4. [appellant] betoogt dat de rechtbank ten onrechte heeft overwogen dat tussen partijen niet in geschil is dat sprake is van een overtreding, doordat in afwijking van de inmiddels herroepen omgevingsvergunning drie appartementen in de woning zijn gerealiseerd en deze in strijd met de geldende bestemmingsplanvoorschriften worden gebruikt. Hij bestrijdt dit wel. In dit licht voert hij aan dat de rechtbank een onjuiste betekenis heeft gegeven aan de term ‘appartement’. Een appartement is ‘een zelfstandige woonruimte welke kadastraal is gesplitst’ en dat is in dit geval niet aan de orde, volgens [appellant].
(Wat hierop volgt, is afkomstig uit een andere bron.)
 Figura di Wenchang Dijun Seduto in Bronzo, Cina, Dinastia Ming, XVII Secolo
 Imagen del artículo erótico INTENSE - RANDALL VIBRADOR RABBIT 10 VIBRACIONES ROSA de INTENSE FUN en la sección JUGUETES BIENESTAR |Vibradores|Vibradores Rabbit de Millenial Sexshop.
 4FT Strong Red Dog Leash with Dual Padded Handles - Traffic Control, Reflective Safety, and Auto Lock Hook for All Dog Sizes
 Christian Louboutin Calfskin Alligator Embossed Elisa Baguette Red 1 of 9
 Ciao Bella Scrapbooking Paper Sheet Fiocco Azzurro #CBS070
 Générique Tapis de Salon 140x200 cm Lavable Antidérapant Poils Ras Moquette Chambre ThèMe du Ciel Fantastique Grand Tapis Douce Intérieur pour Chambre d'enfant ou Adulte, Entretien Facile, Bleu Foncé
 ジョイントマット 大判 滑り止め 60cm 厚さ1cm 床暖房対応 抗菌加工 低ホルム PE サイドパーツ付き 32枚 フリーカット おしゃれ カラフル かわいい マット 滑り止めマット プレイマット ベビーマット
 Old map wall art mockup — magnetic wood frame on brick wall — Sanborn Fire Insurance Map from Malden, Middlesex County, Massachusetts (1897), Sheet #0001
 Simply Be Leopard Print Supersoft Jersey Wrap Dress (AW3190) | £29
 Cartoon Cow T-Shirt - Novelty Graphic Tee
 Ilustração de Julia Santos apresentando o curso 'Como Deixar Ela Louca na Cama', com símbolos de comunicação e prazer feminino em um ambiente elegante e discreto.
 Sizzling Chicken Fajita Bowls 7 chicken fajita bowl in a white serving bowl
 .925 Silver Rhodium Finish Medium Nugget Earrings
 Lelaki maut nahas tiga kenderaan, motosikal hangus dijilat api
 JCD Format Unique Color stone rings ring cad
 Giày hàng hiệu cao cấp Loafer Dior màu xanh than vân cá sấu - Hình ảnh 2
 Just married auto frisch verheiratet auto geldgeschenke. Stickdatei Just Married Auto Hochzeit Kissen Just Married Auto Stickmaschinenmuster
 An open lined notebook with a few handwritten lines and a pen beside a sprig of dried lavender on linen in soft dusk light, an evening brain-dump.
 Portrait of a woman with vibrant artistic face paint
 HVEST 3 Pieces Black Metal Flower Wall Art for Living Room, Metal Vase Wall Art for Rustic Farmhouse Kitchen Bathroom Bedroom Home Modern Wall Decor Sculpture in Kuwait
De verbouwing en het gebruik van het pand voldoen volgens hem verder aan het gemeentelijke ruimtelijk beleid dat ten tijde van belang gold voor woningsplitsingen ten behoeve van studentenkamers, nu daarin werd vermeld dat de functies wonen en slapen ook over twee kamers verdeeld kunnen zijn. De wijze waarop hij de woning heeft verhuurd voldoet dan ook geheel aan de daarvoor geldende regels, aldus [appellant], hetgeen hem op zijn verzoeken daartoe ook uitdrukkelijk door ambtenaren van de gemeente is bevestigd.
4.1. [appellant] heeft in beroep nadrukkelijk betwist dat hij met de verbouwing van het pand op het perceel, alsmede met de wijze van verhuur daarvan overtredingen begaat. Hij betoogt dan ook terecht dat de rechtbank ten onrechte heeft overwogen dat dit niet in geschil is. Dit betoog kan echter niet leiden tot vernietiging van de aangevallen uitspraak. Daartoe overweegt de Afdeling als volgt.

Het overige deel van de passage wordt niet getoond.